• [YOUR GOAL]: Of all the lines below, return only those starting with the line holding "24 January 2010;" and going on through the line holding "and House. Happy", exactly as written.

• [RECORDS FOR PROCESSING]:

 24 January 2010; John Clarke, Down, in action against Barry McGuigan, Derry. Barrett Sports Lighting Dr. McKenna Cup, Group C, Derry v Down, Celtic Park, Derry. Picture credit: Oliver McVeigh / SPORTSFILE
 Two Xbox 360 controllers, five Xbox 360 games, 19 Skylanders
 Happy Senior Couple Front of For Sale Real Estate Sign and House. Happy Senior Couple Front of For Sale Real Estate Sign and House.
* * *
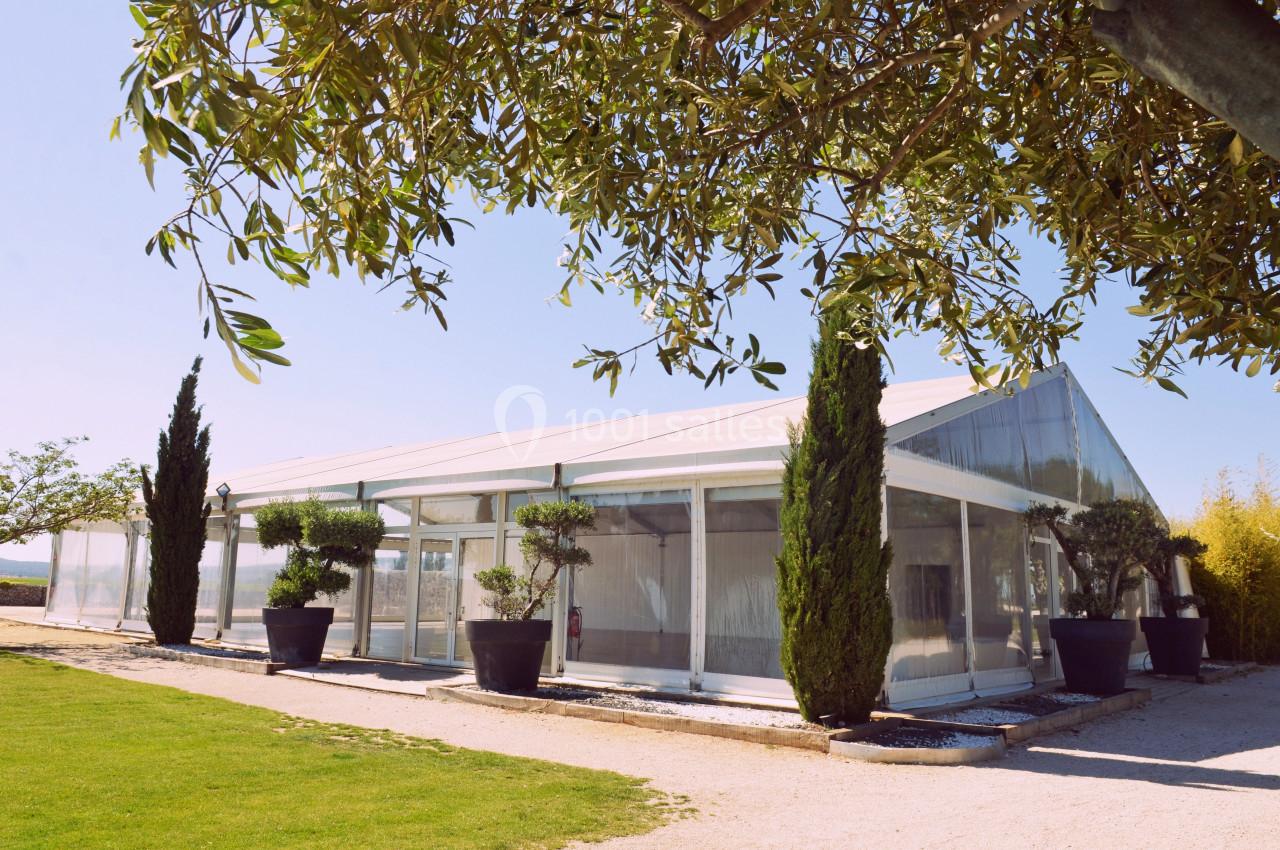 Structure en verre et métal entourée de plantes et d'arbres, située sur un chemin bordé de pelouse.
==
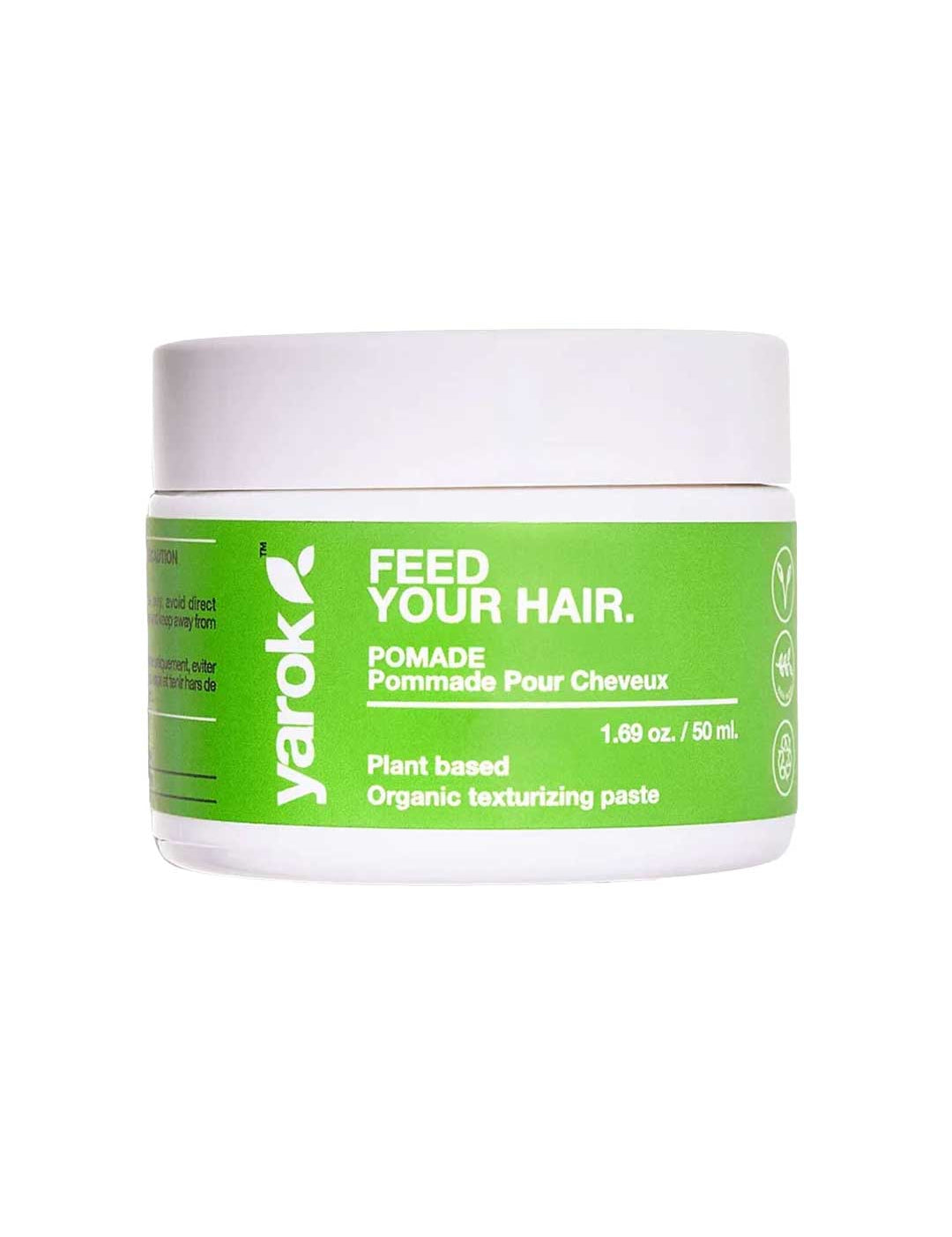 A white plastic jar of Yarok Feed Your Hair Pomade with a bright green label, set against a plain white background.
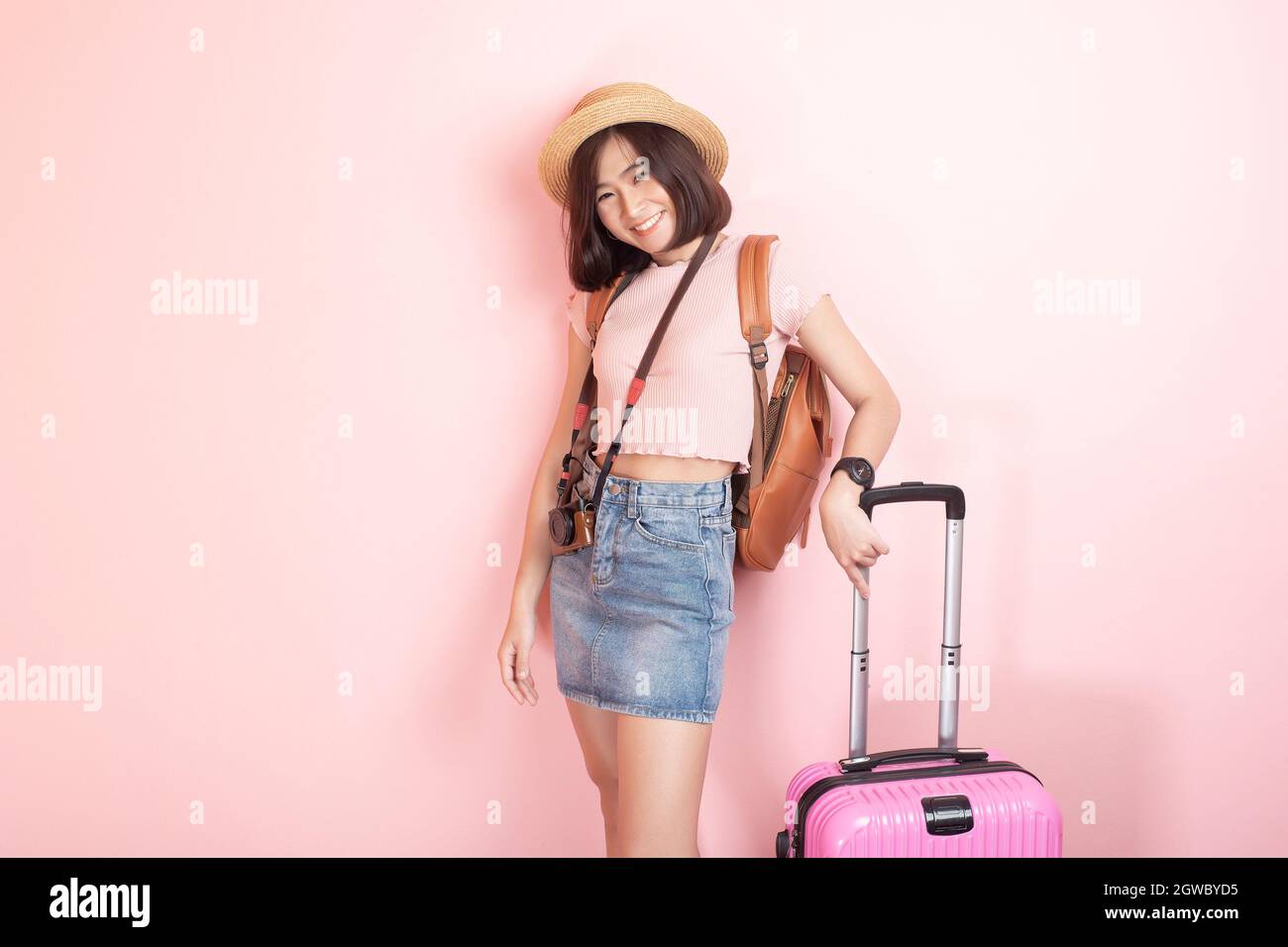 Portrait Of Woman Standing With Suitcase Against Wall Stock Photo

• [ANSWER FOR THE TASK]:
 24 January 2010; John Clarke, Down, in action against Barry McGuigan, Derry. Barrett Sports Lighting Dr. McKenna Cup, Group C, Derry v Down, Celtic Park, Derry. Picture credit: Oliver McVeigh / SPORTSFILE
 Two Xbox 360 controllers, five Xbox 360 games, 19 Skylanders
 Happy Senior Couple Front of For Sale Real Estate Sign and House. Happy Senior Couple Front of For Sale Real Estate Sign and House.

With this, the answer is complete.